O ombro raspado, os vestígios de erva e a película de pó foram consequências carnais do acidente que o vitimou a menos de 50 quilómetros do final. Tadej Pogacar, que tem como estratégia normal dizimar adversários sem grande comiseração, teve que raciocinar um pouco mais, não confiar nos impulsos e esperar que, no momento certo, os resquícios de vitalidade não lhe falhassem. Poucas dúvidas tínhamos de que é um ser sobrenatural, mas ainda bem que vimos o monstro regenerar as feridas para termos a certeza.

Parece que Michelangelo deixou um pincel mal lavado por cima da Toscana e escorreram pingos brancos sobre a região.

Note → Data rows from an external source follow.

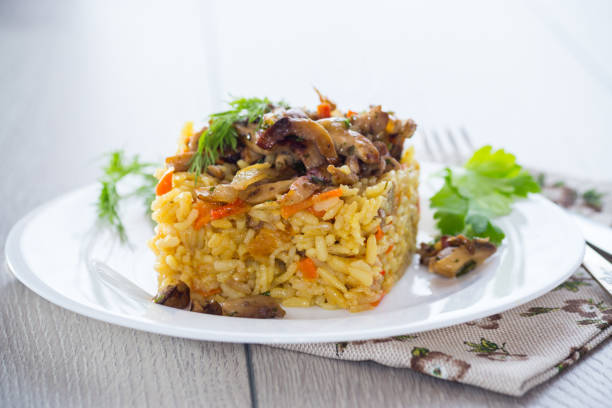 Diet pilaf with mushrooms and vegetables in a plate on a light wooden table. Vegetarian food.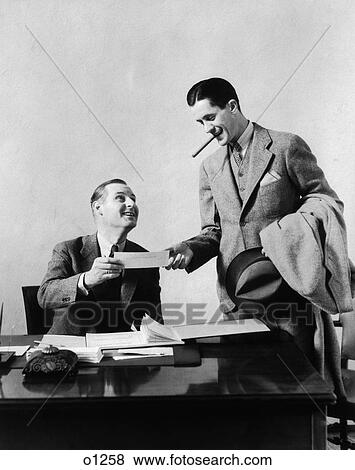 1930 1930S Two Men At Desk In Office One Man With Cigar Exchanging Paper With Office Worker View Large Photo Image Stock Photo - 1930 1930S Two Men At Desk In Office One Man With Cigar Exchanging Paper With Office Worker . Fotosearch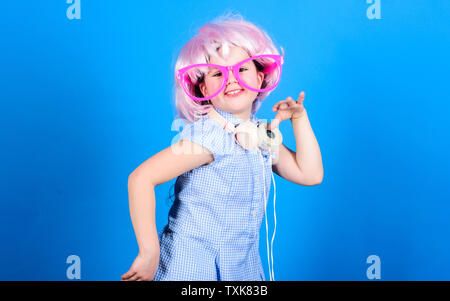 Small girl headphones pink wig dancing. Child using technology for fun. Modern headphones. Energy motion dance. Inspired by music. Little kid listening music. Cute kid with headphones blue background. Stock Photo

Os percursos de gravilha clara alastram-se pelo meio das vistas campestres que ladeiam povoações de figurino medieval, um chamariz a feitos históricos.

Tim de Waele

Pogacar começou o seu magnificente ano de 2024 a vencer em Siena. O ataque a 80 quilómetros da Piazza del Campo apresentou a brutalidade das intenções que tinha para a temporada. Foi a primeira de 58 corridas e a primeira de 25 vitórias na temporada em que infetou o pelotão com uma epidemia de impotência.

Este ano, para agradar ao patrão, competiu na Volta aos Emirados onde ganhou, mas sobretudo divertiu-se. A primeira grande data da agenda do esloveno era a Strade Bianche e os seus 16 setores (81,7 quilómetros) de gravilha.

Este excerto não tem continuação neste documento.